Segment Open

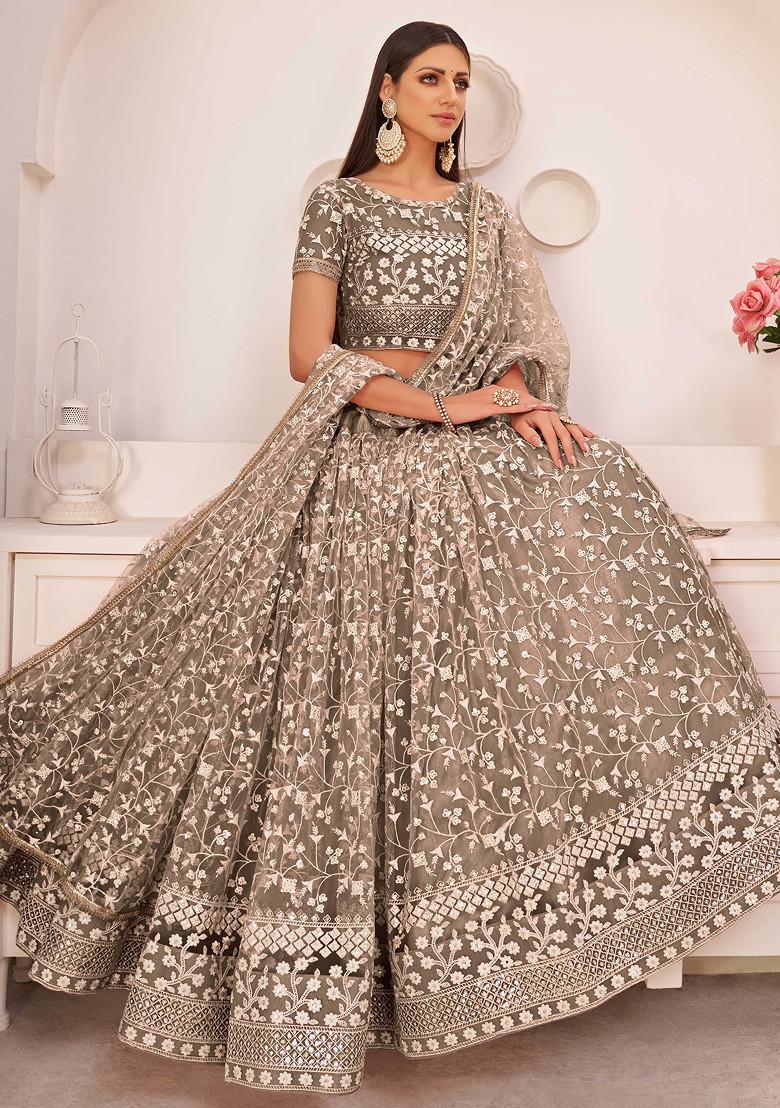 Brown Thread Embroidered Net Lehenga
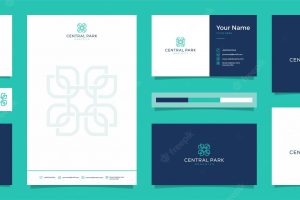 Floral organic logo with free business card and letterhead
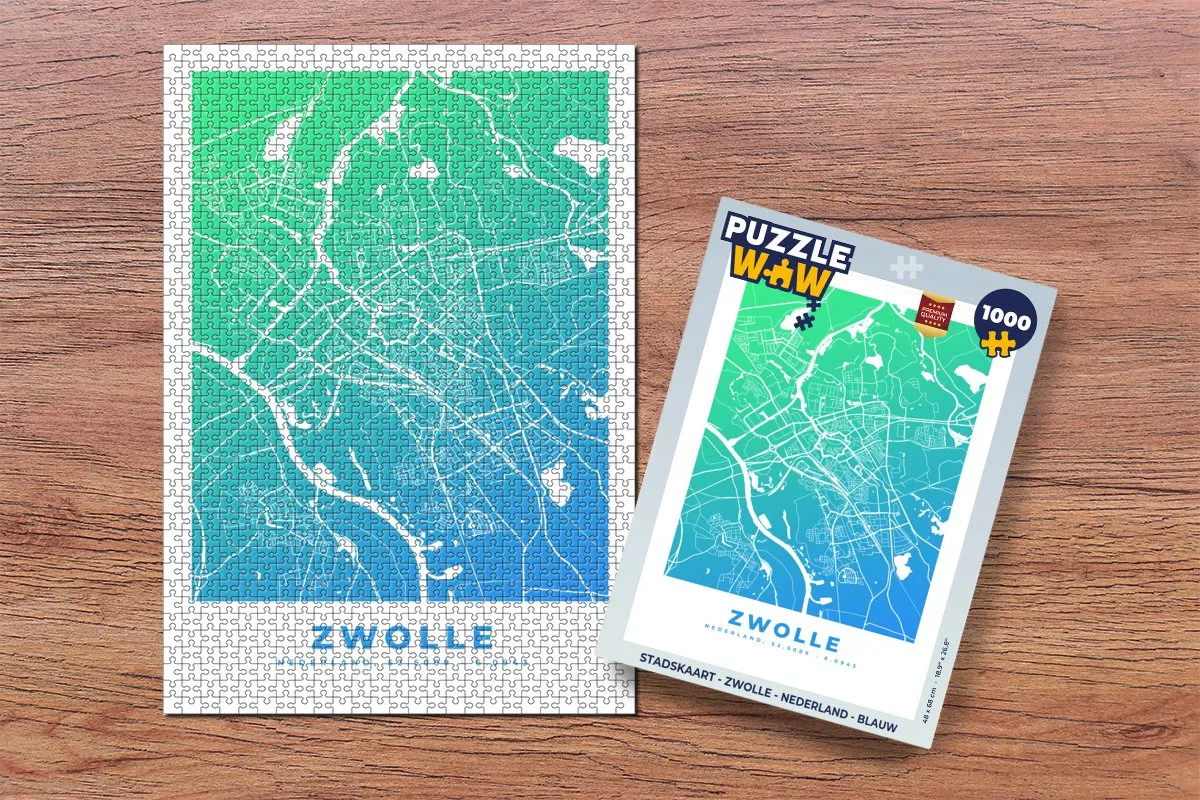 PuzzleWow Stadskaart Zwolle Legpuzzel 1000 Stuks - Multicolor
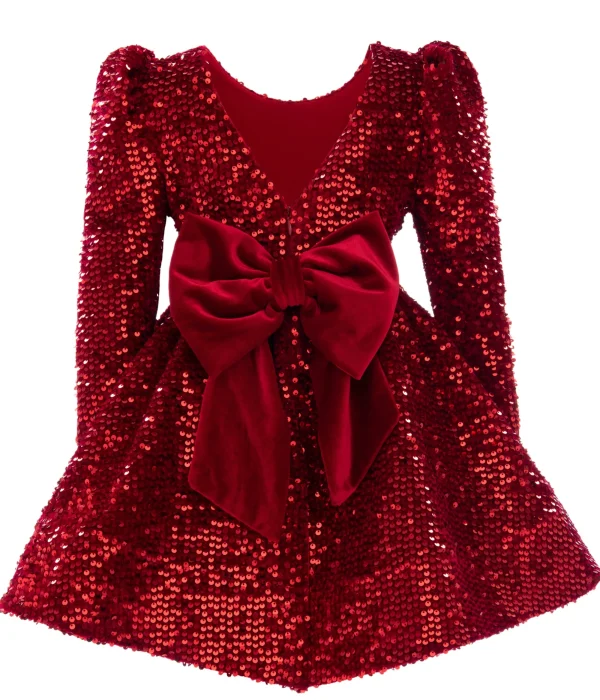 Red Merribrook Sequin Bow Dress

Segment Closed

● TO DO:
Except for the pictures, the whole listing above should be transcribed exactly.

● SOLUTION:
 Brown Thread Embroidered Net Lehenga
 Floral organic logo with free business card and letterhead
 PuzzleWow Stadskaart Zwolle Legpuzzel 1000 Stuks - Multicolor
 Red Merribrook Sequin Bow Dress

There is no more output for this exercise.